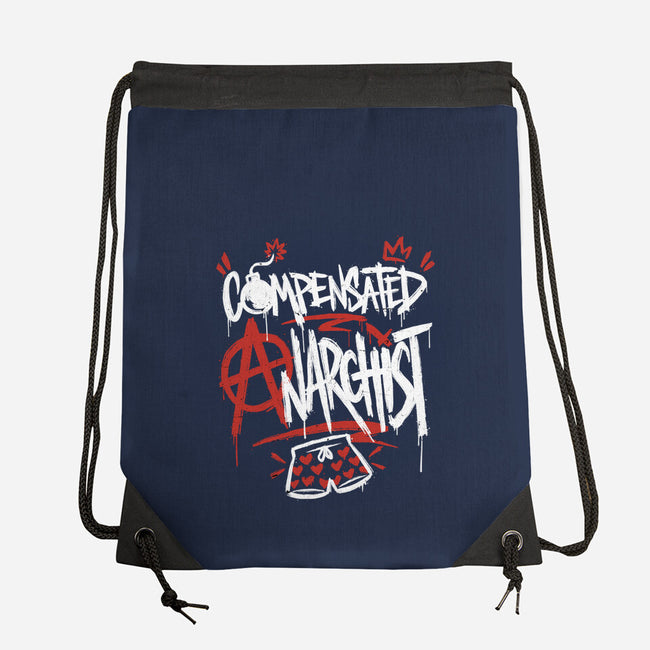 Dungeon Crawler Anarchist-None-Drawstring-Bag-Studio Mootant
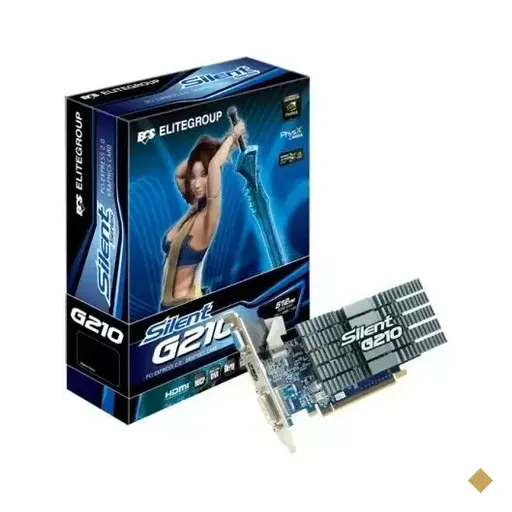 ECS NVIDIA GeForce GT 210 512MB DDR2 64-bit PCI-E 2.0 x16
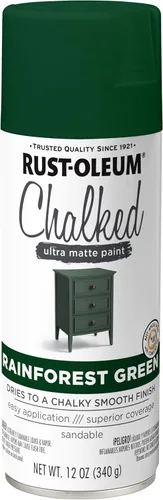 Vista 51 de Rust-Oleum 302592 - Pintura a la tiza en aerosol ultramate de 12 onzas (paquete de 1), color gris envejecido
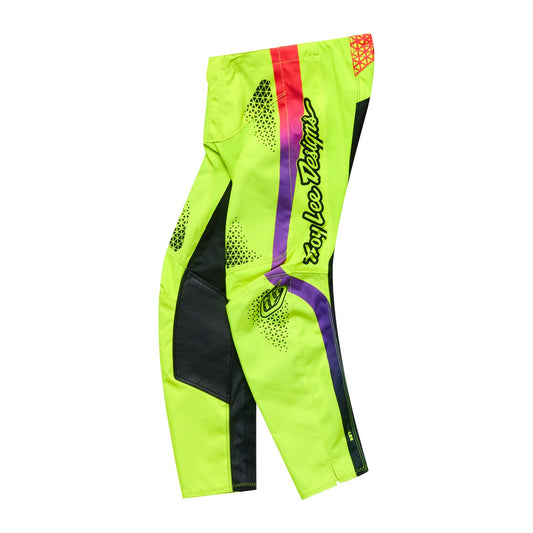 TLD 26.2 Youth GP Pro Pants - Aura Flo Yellow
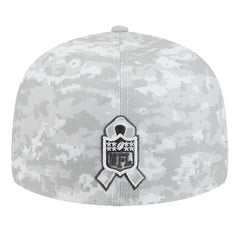 2025 Salute to Service Fan Pack 59FIFTY Fitted Hat - Cincinnati Bengals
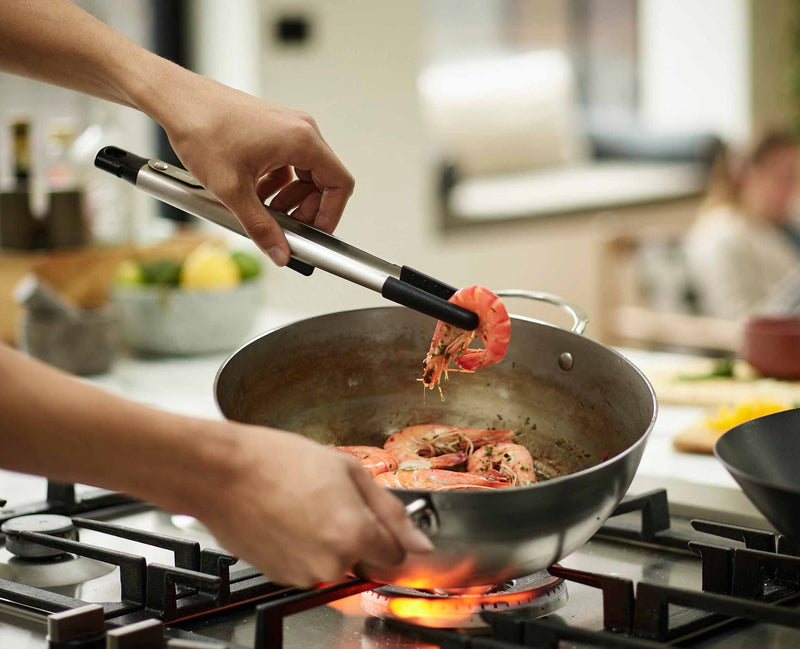 Load image into Gallery viewer, Joseph Joseph Elevate™ Fusion Stainless-steel Precision Tongs
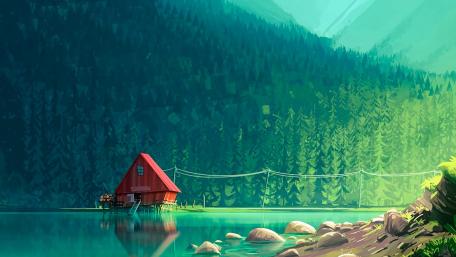Fantasy Landscape wallpaper
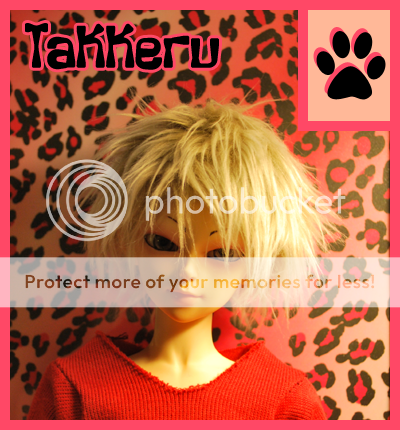 My little Pink cheetah~<3! [Luts Delf HARANG] TAKKERU-06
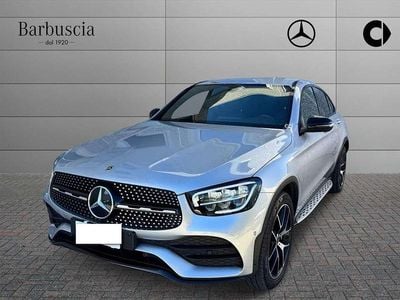 Usata Mercedes GLC220 Premium 194 CV (142 kW) 2021 Argento Coupé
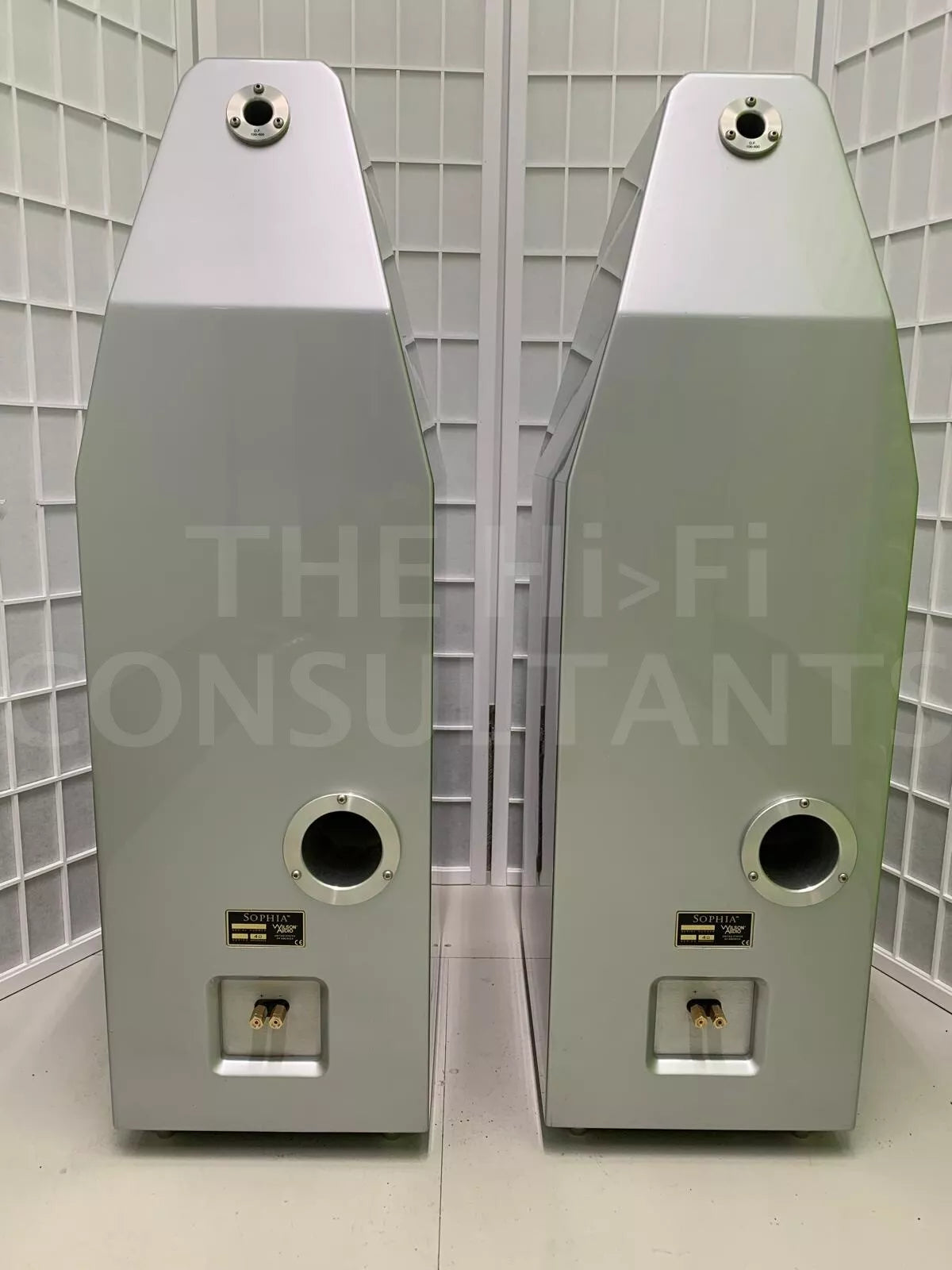 WILSON AUDIO SOPHIA II LOUDSPEAKERS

——————————

Copy exactly the lines from the line that contains "2025 Salute to" through the last line of the records above, both ends included, but leave out the pictures.

# [ANSWER SECTION]
 2025 Salute to Service Fan Pack 59FIFTY Fitted Hat - Cincinnati Bengals
 Load image into Gallery viewer, Joseph Joseph Elevate™ Fusion Stainless-steel Precision Tongs
Fantasy Landscape wallpaper
 My little Pink cheetah~<3! [Luts Delf HARANG] TAKKERU-06
 Usata Mercedes GLC220 Premium 194 CV (142 kW) 2021 Argento Coupé
 WILSON AUDIO SOPHIA II LOUDSPEAKERS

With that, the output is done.